Would you copy the lines below exactly and omit the images?
+++ Records for processing
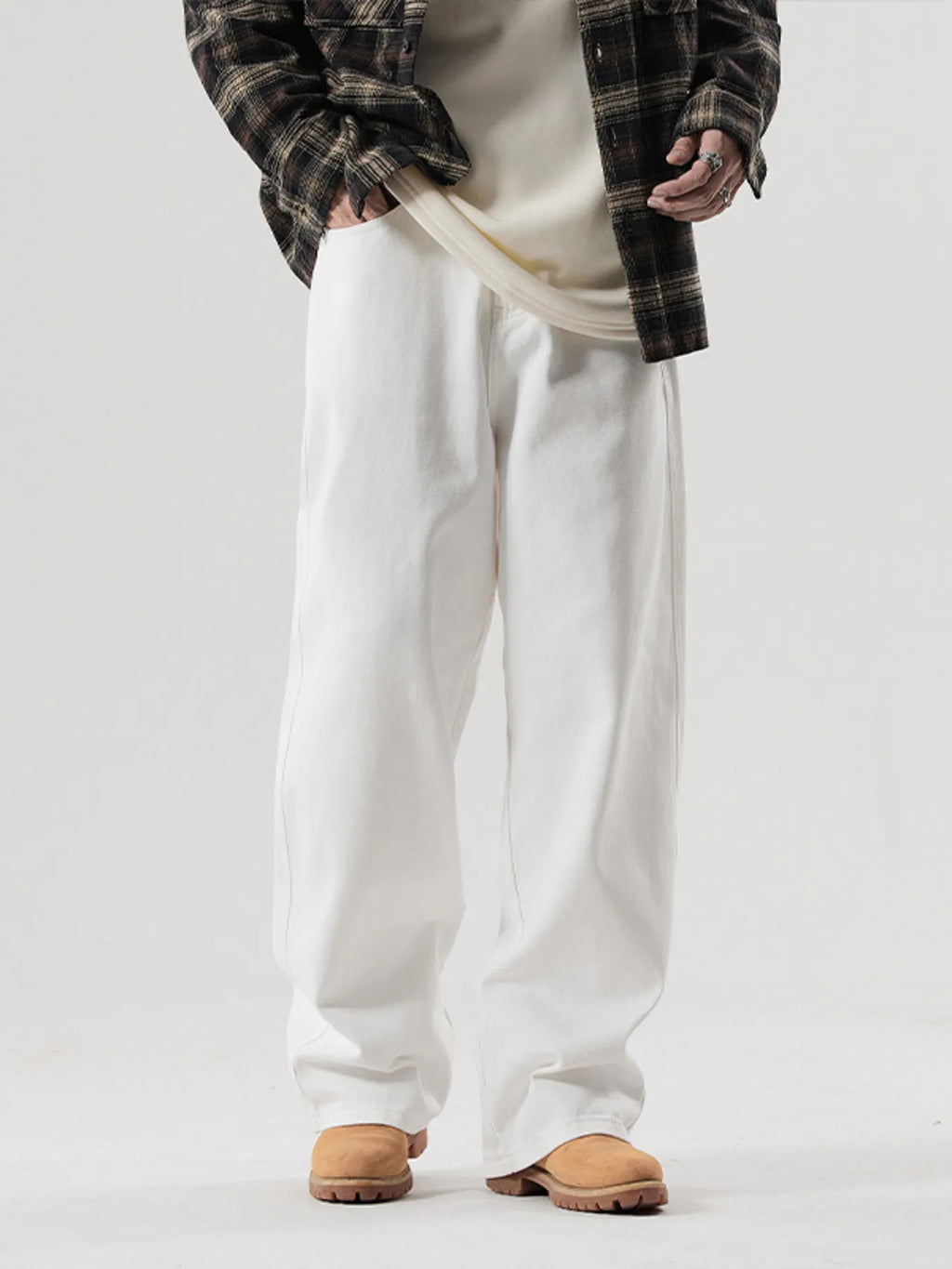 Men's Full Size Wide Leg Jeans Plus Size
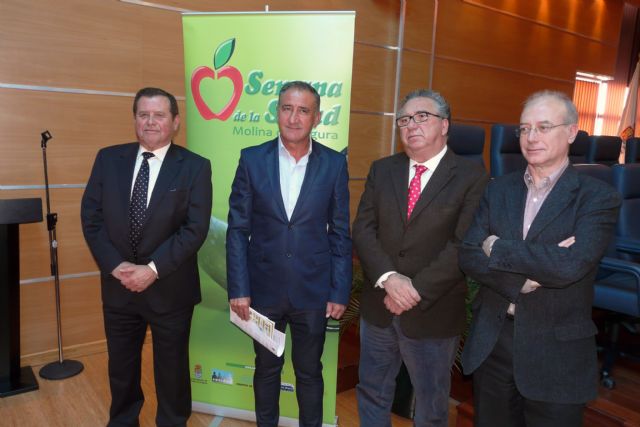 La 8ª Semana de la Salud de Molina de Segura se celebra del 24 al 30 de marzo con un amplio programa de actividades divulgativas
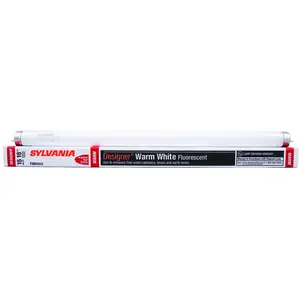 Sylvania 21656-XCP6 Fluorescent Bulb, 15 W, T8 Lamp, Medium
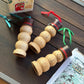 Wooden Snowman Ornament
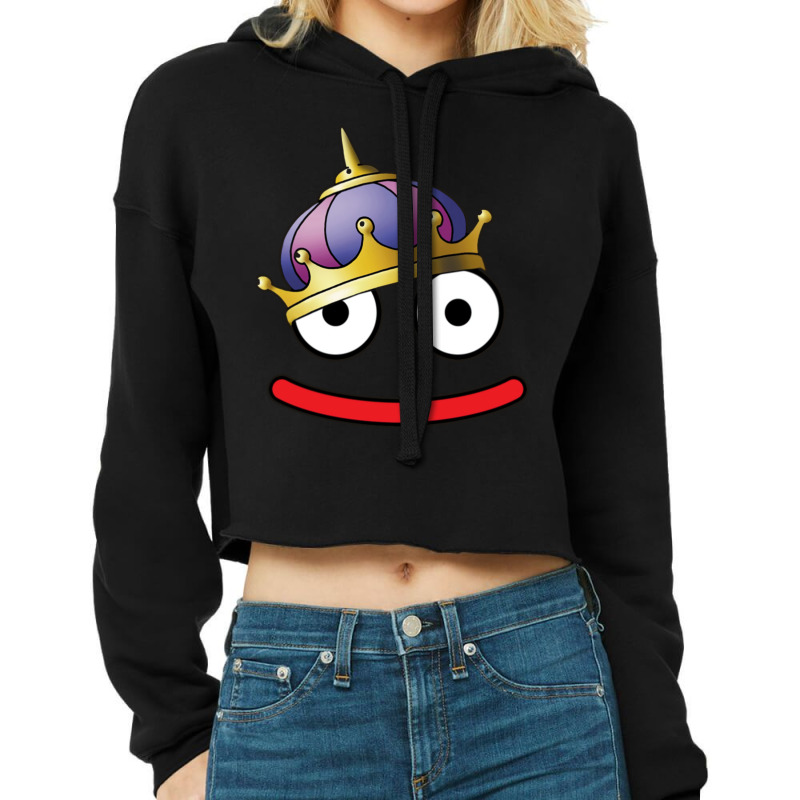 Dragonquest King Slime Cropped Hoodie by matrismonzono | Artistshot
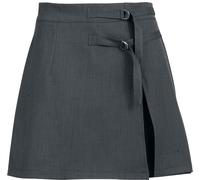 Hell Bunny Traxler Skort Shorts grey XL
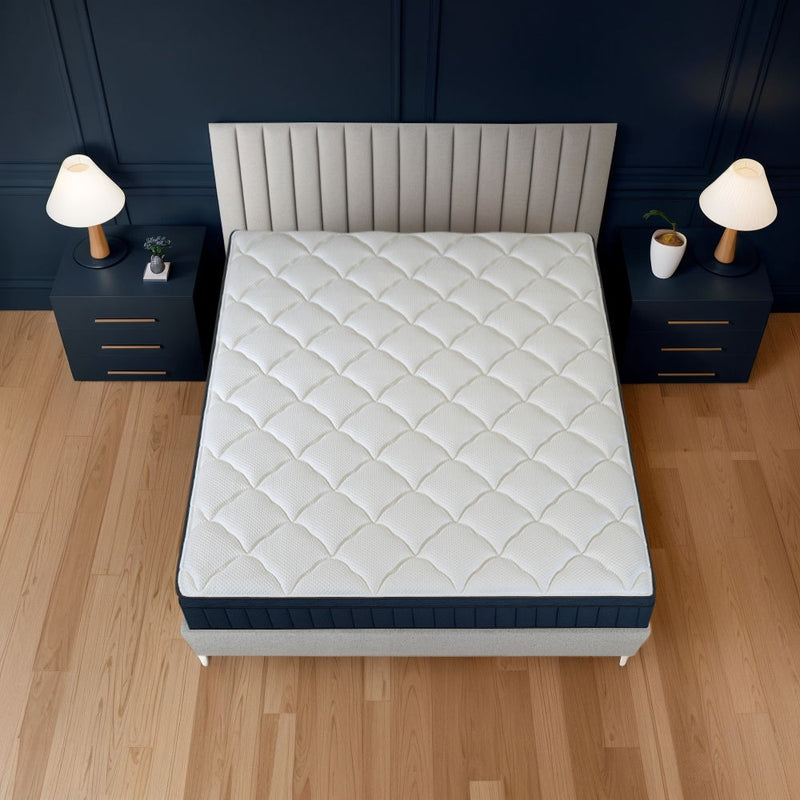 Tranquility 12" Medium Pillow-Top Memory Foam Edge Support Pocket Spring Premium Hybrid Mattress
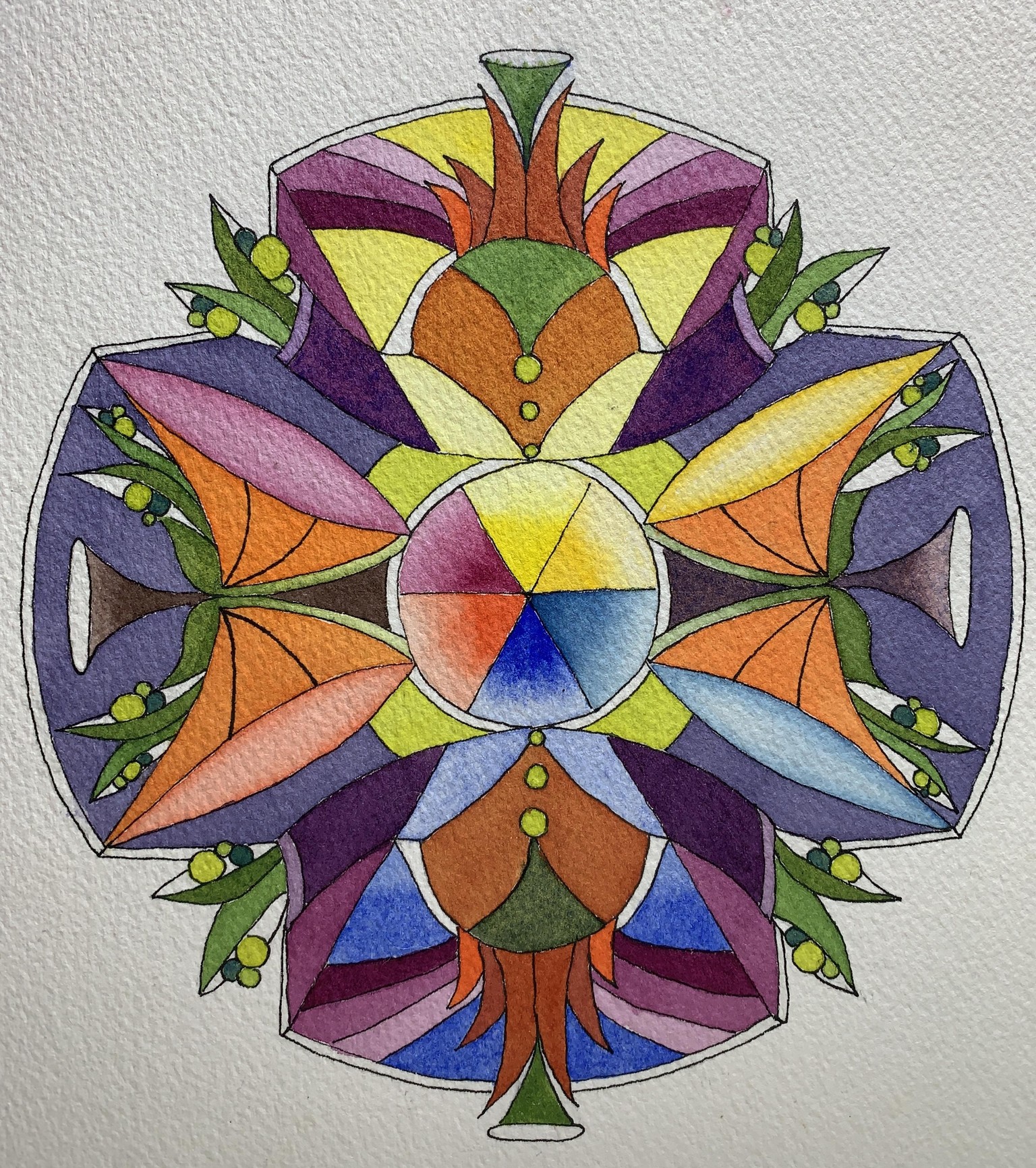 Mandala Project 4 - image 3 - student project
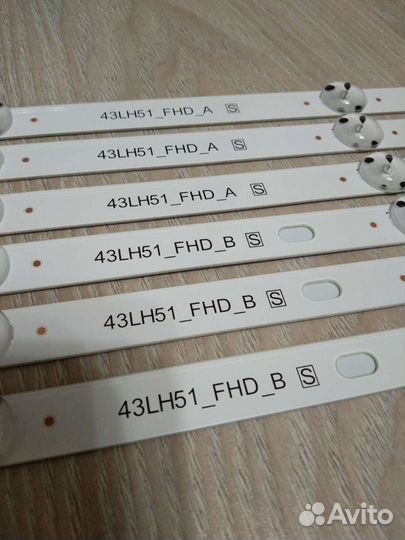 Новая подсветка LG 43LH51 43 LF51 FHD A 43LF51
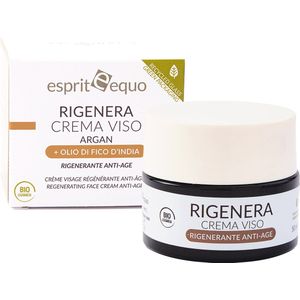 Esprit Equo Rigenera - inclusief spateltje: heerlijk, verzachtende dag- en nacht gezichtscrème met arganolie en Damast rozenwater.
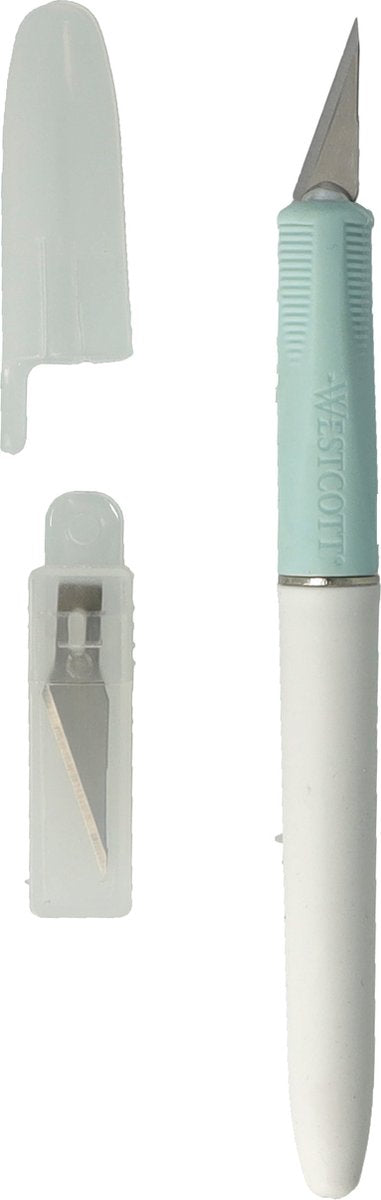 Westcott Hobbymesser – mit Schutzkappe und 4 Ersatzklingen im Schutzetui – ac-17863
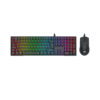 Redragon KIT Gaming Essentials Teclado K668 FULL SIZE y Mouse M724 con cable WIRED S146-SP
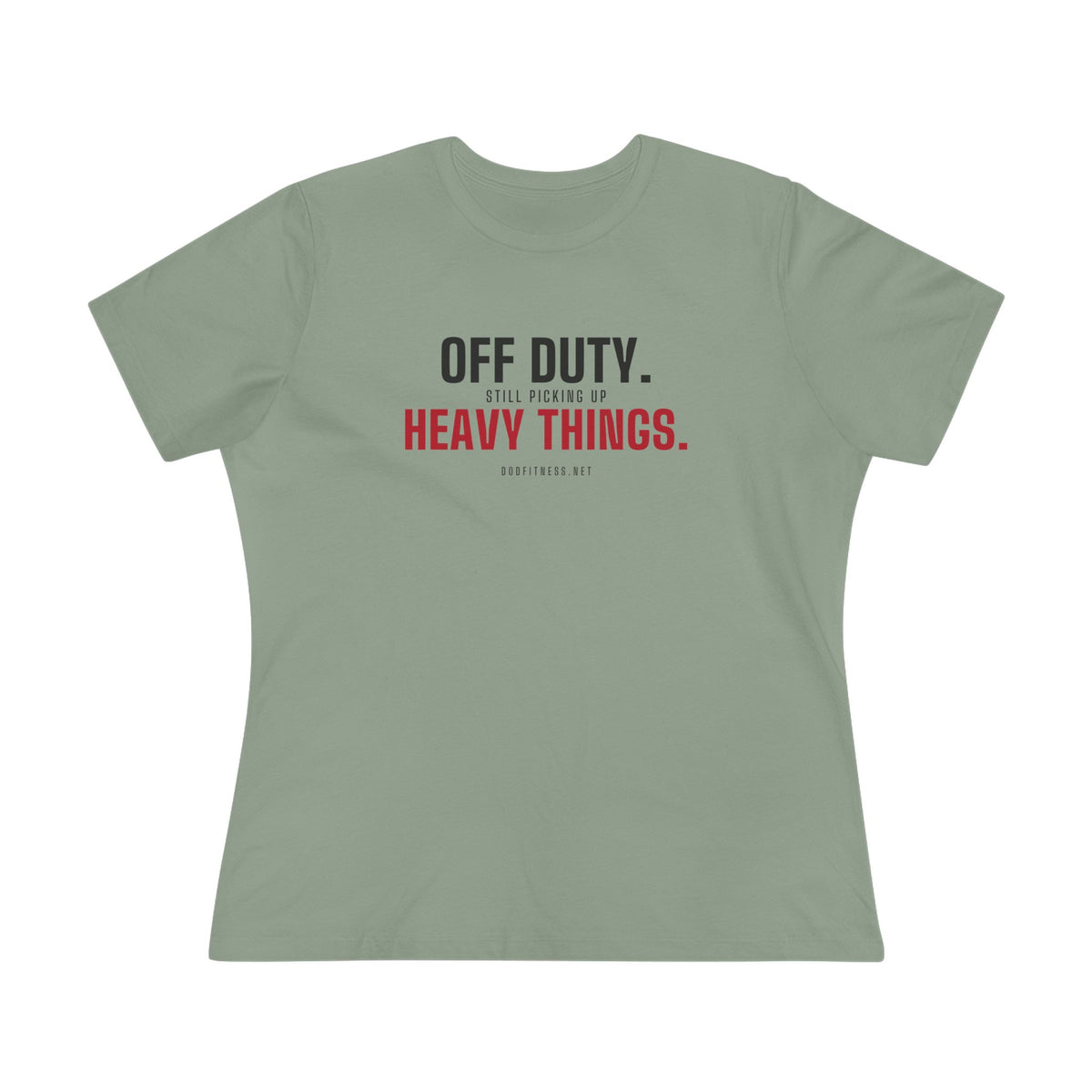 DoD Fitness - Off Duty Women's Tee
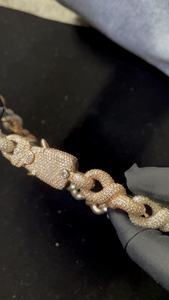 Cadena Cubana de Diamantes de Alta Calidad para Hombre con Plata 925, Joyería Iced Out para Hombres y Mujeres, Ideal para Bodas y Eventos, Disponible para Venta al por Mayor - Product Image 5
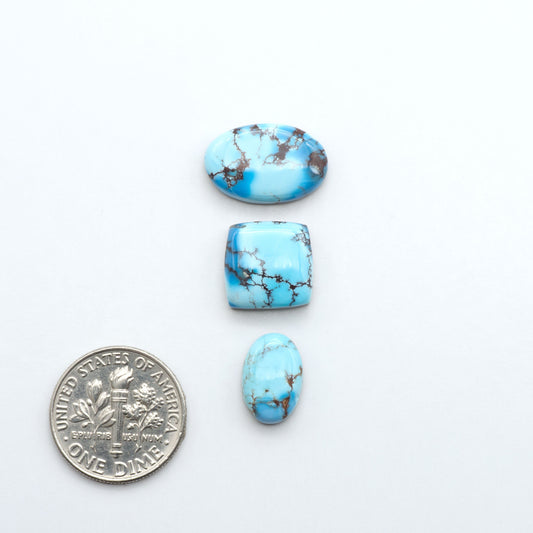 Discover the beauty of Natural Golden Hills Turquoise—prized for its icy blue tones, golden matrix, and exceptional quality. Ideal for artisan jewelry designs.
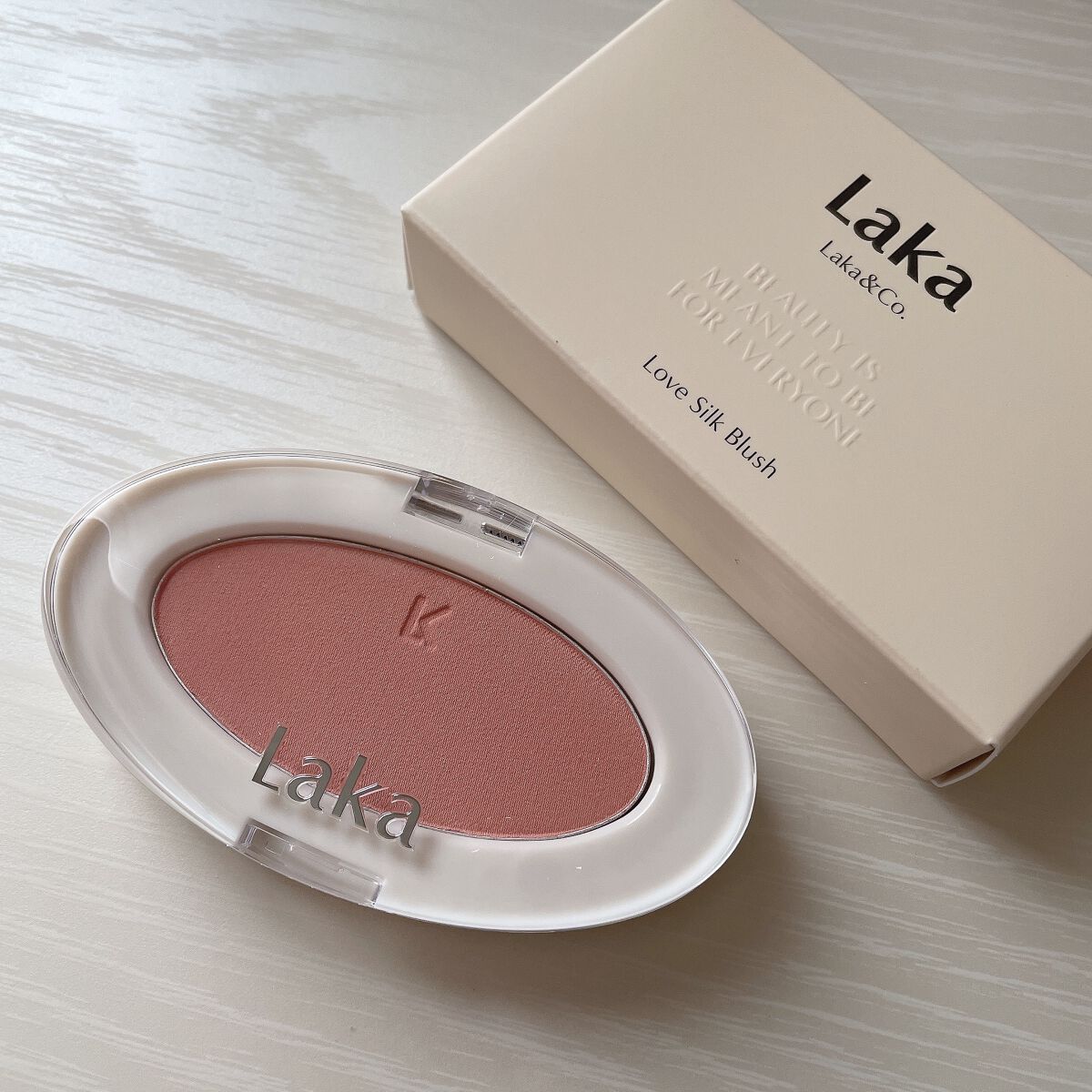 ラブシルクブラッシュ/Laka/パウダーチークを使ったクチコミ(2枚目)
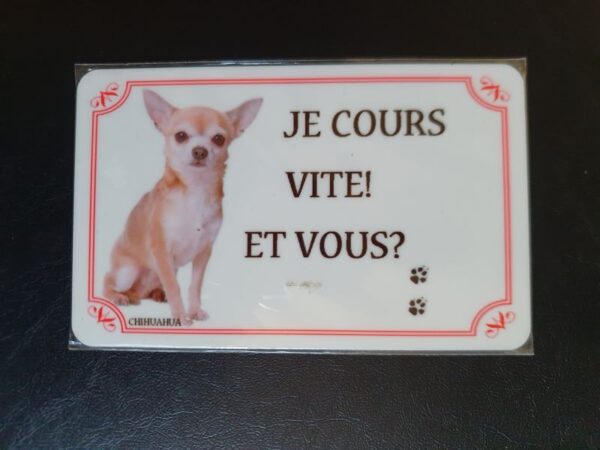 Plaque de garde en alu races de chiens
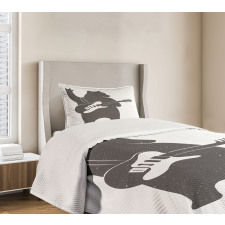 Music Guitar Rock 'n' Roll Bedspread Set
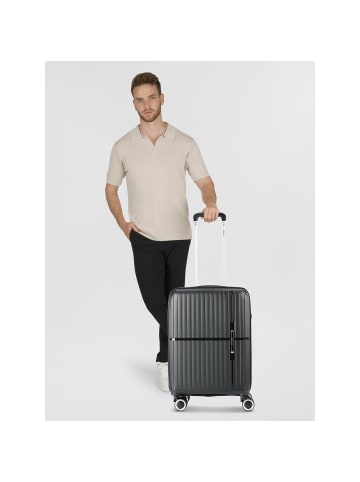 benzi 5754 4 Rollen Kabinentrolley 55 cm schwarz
++++++
— Response area —
 Men's Full Size Wide Leg Jeans Plus Size
 La 8ª Semana de la Salud de Molina de Segura se celebra del 24 al 30 de marzo con un amplio programa de actividades divulgativas
 Sylvania 21656-XCP6 Fluorescent Bulb, 15 W, T8 Lamp, Medium
 Wooden Snowman Ornament
 Dragonquest King Slime Cropped Hoodie by matrismonzono | Artistshot
 Hell Bunny Traxler Skort Shorts grey XL
 Tranquility 12" Medium Pillow-Top Memory Foam Edge Support Pocket Spring Premium Hybrid Mattress
 Mandala Project 4 - image 3 - student project
 Новая подсветка LG 43LH51 43 LF51 FHD A 43LF51
 Esprit Equo Rigenera - inclusief spateltje: heerlijk, verzachtende dag- en nacht gezichtscrème met arganolie en Damast rozenwater.
 Westcott Hobbymesser – mit Schutzkappe und 4 Ersatzklingen im Schutzetui – ac-17863
 Redragon KIT Gaming Essentials Teclado K668 FULL SIZE y Mouse M724 con cable WIRED S146-SP
 DoD Fitness - Off Duty Women's Tee
 Cadena Cubana de Diamantes de Alta Calidad para Hombre con Plata 925, Joyería Iced Out para Hombres y Mujeres, Ideal para Bodas y Eventos, Disponible para Venta al por Mayor - Product Image 5
 Discover the beauty of Natural Golden Hills Turquoise—prized for its icy blue tones, golden matrix, and exceptional quality. Ideal for artisan jewelry designs.
 ラブシルクブラッシュ/Laka/パウダーチークを使ったクチコミ(2枚目)
 Plaque de garde en alu races de chiens
 Music Guitar Rock 'n' Roll Bedspread Set
 benzi 5754 4 Rollen Kabinentrolley 55 cm schwarz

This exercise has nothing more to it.